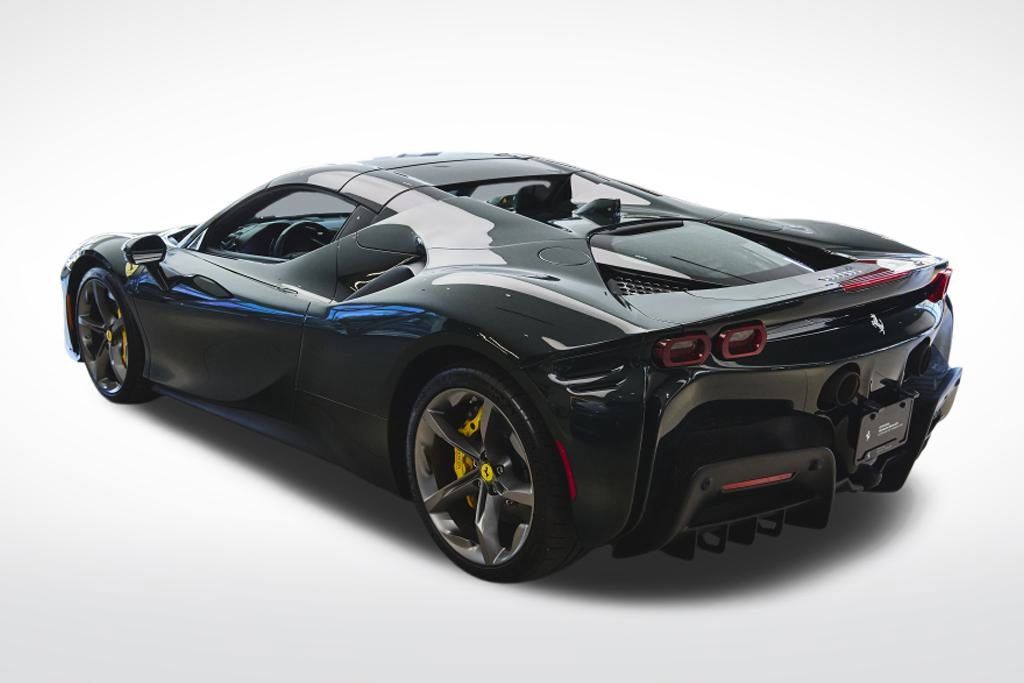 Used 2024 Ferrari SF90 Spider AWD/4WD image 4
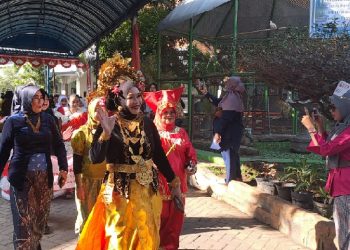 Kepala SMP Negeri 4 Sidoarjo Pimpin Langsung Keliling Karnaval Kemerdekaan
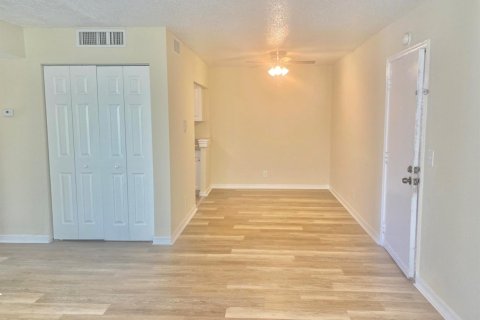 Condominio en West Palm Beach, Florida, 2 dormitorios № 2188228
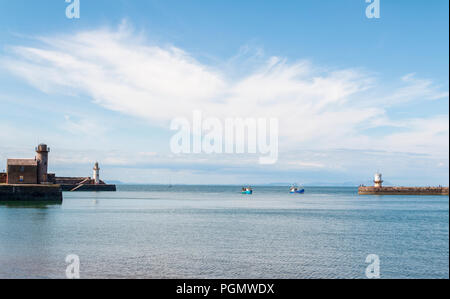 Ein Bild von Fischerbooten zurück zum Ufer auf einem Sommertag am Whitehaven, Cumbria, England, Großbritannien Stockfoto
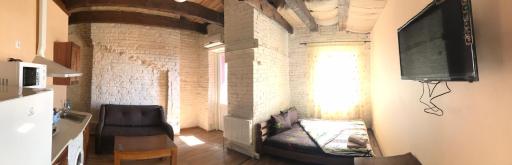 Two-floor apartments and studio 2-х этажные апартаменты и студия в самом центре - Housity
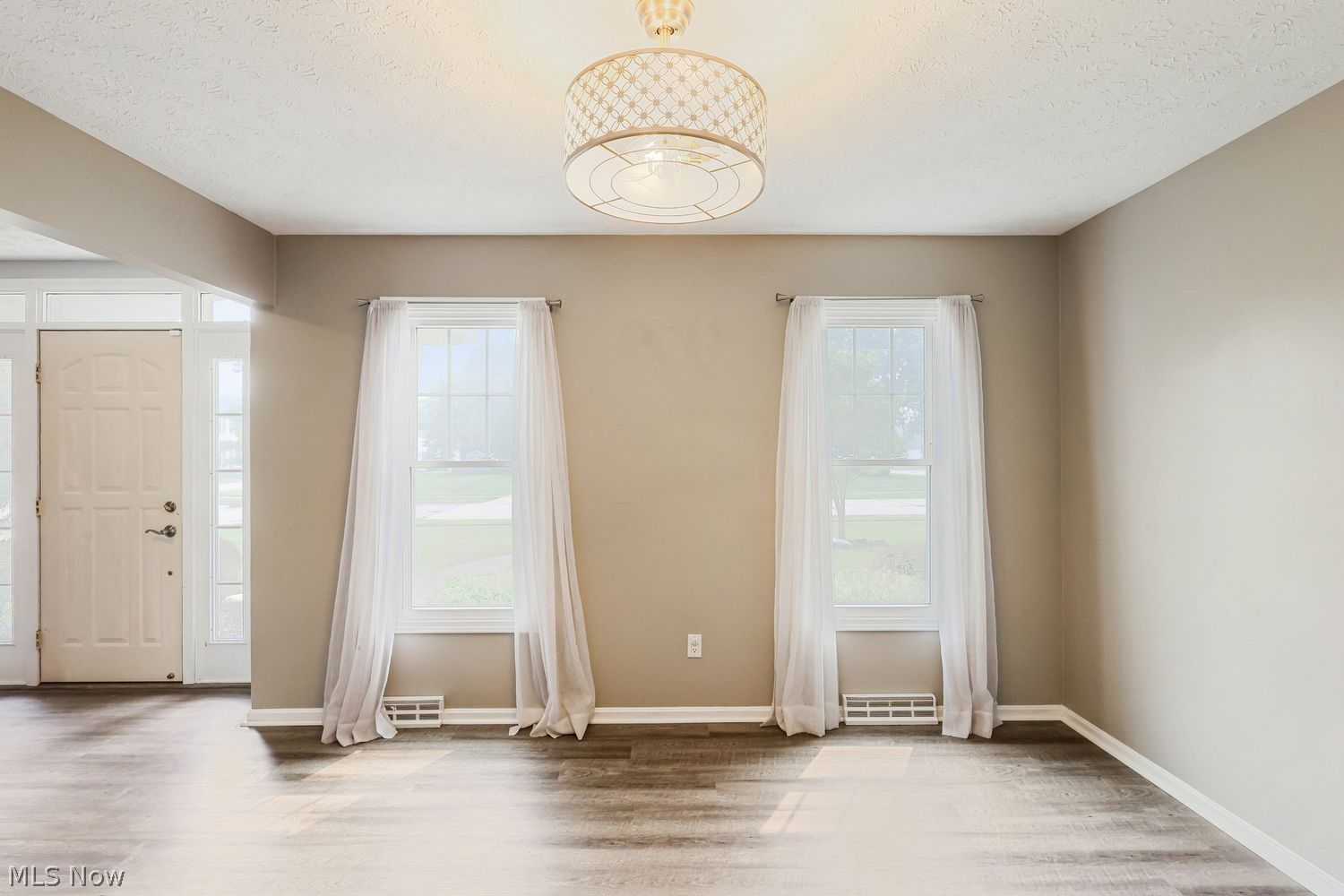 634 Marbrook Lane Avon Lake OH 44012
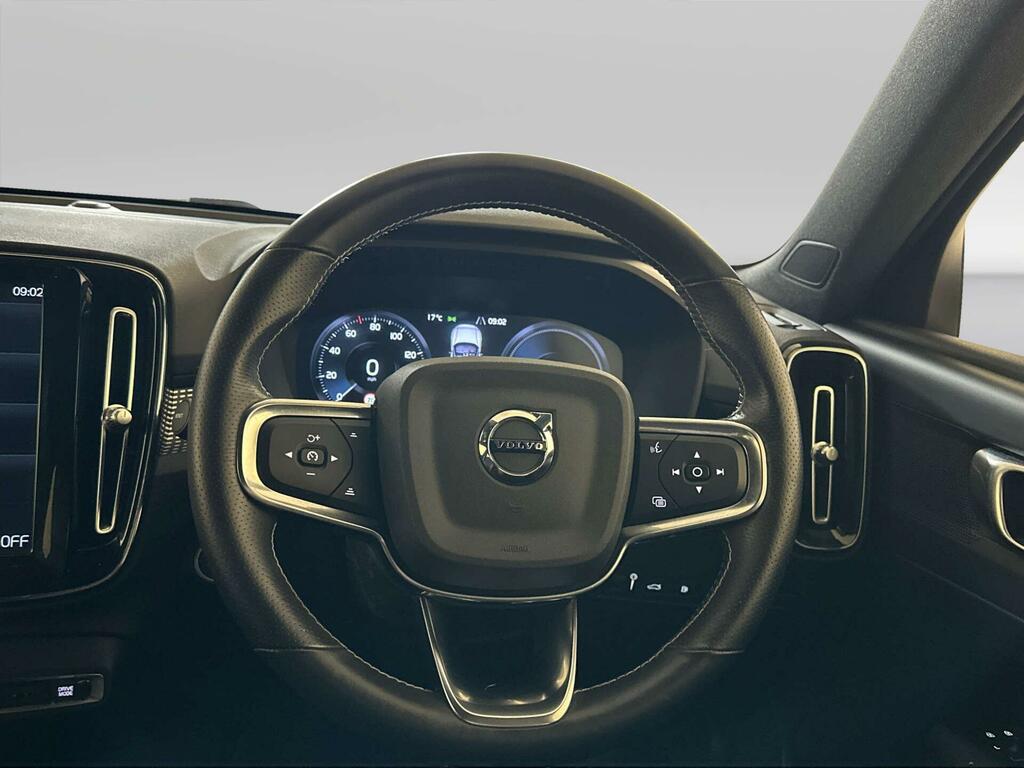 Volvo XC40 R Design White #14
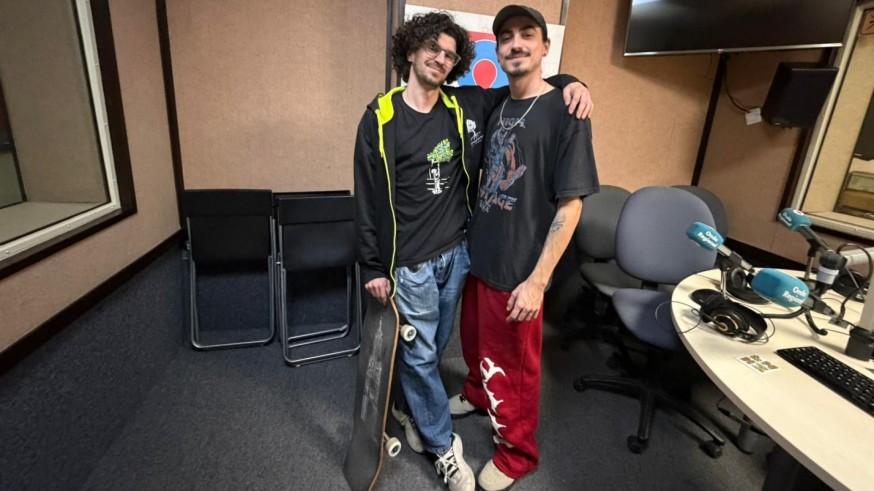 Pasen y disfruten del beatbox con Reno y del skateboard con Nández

□ □ □ □

WHAT IS BEING ASKED ▸ Transcribe the records above exactly and drop every picture.

YOUR RESPONSE ▸
 Used 2024 Ferrari SF90 Spider AWD/4WD image 4
 Kepala SMP Negeri 4 Sidoarjo Pimpin Langsung Keliling Karnaval Kemerdekaan
 Condominio en West Palm Beach, Florida, 2 dormitorios № 2188228
 Ein Bild von Fischerbooten zurück zum Ufer auf einem Sommertag am Whitehaven, Cumbria, England, Großbritannien Stockfoto
 Two-floor apartments and studio 2-х этажные апартаменты и студия в самом центре - Housity
 634 Marbrook Lane Avon Lake OH 44012
 Volvo XC40 R Design White #14
 Pasen y disfruten del beatbox con Reno y del skateboard con Nández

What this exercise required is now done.